What Goes Up…

… must come down…

After almost a week of a good mood, of feeling ok, of being happy… my mood is starting to sink again… *sigh*

It started with taxes.  I finished our taxes.   This is the last time I’ll ever do “our” taxes – next year they’ll be “my” taxes… *sigh*

And then I painted a room… I don’t think I’ll ever paint a room without being reminded of him.  It’s stupid – but there ya have it.  Painting reminds me of him.

When I was 5 months pregnant with Andrew – I was painting the bathroom on New Years – his mother scolded him about how he was “letting” me paint.

As if he could stop me.  :p

Tonight… I told someone about his death.

It’s like I can FEEL the grief starting… the pain and the loss takes over my body and I have a physical reaction to it all.

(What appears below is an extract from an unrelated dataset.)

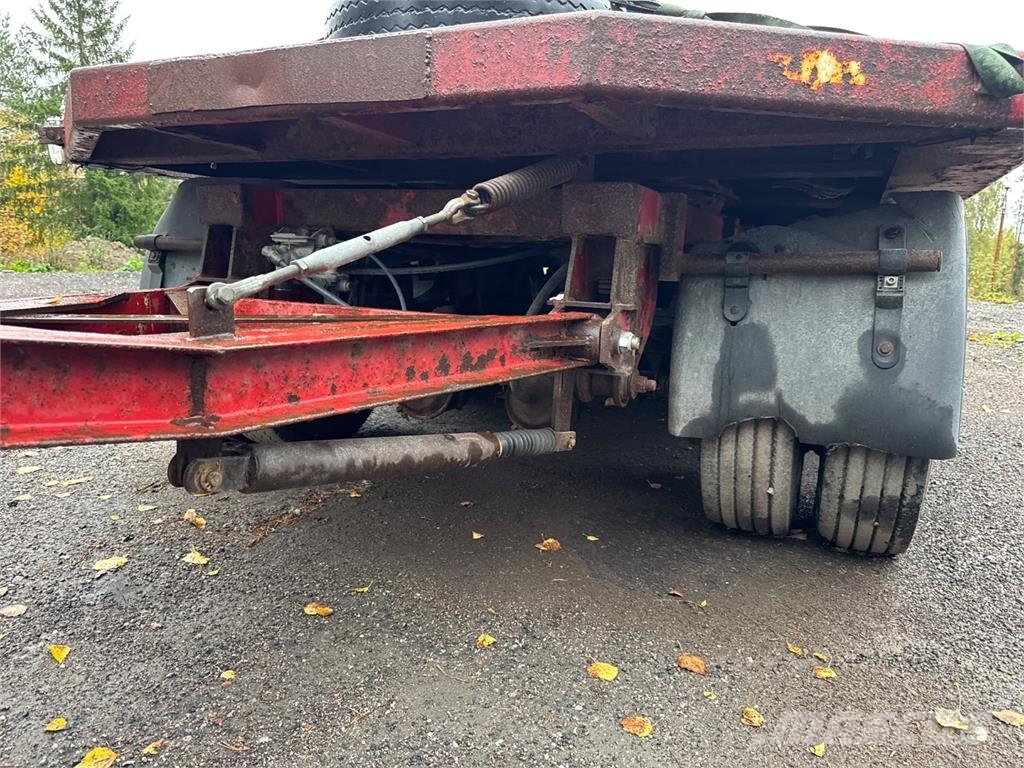 Nooteboom ASDV-40-22 Low loaders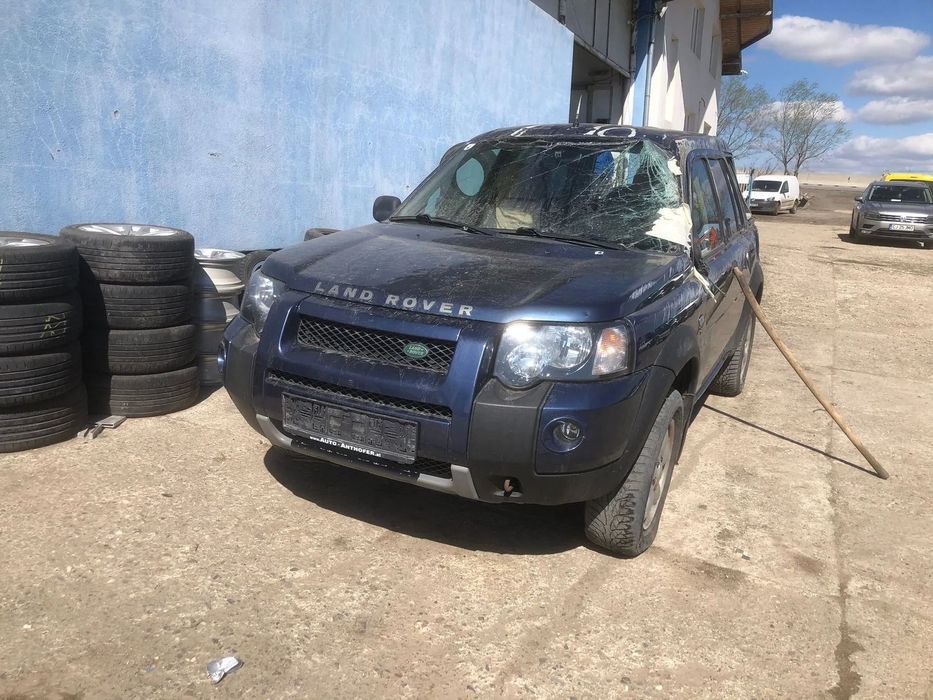Dezmembrez piese Land Rover Freelander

My breathing gets shallow.

My throat closes up.

My eyes start to burn.

My nerves are tingling on fire.

I knew it couldn’t last… but I was hoping.   I’m hoping the grief doesn’t last long… I’m hoping that this is just an overnight thing – I don’t like the lasting grief…

I don’t like any of it.  I don’t like the hopeless, helpless feeling of “is this my life??”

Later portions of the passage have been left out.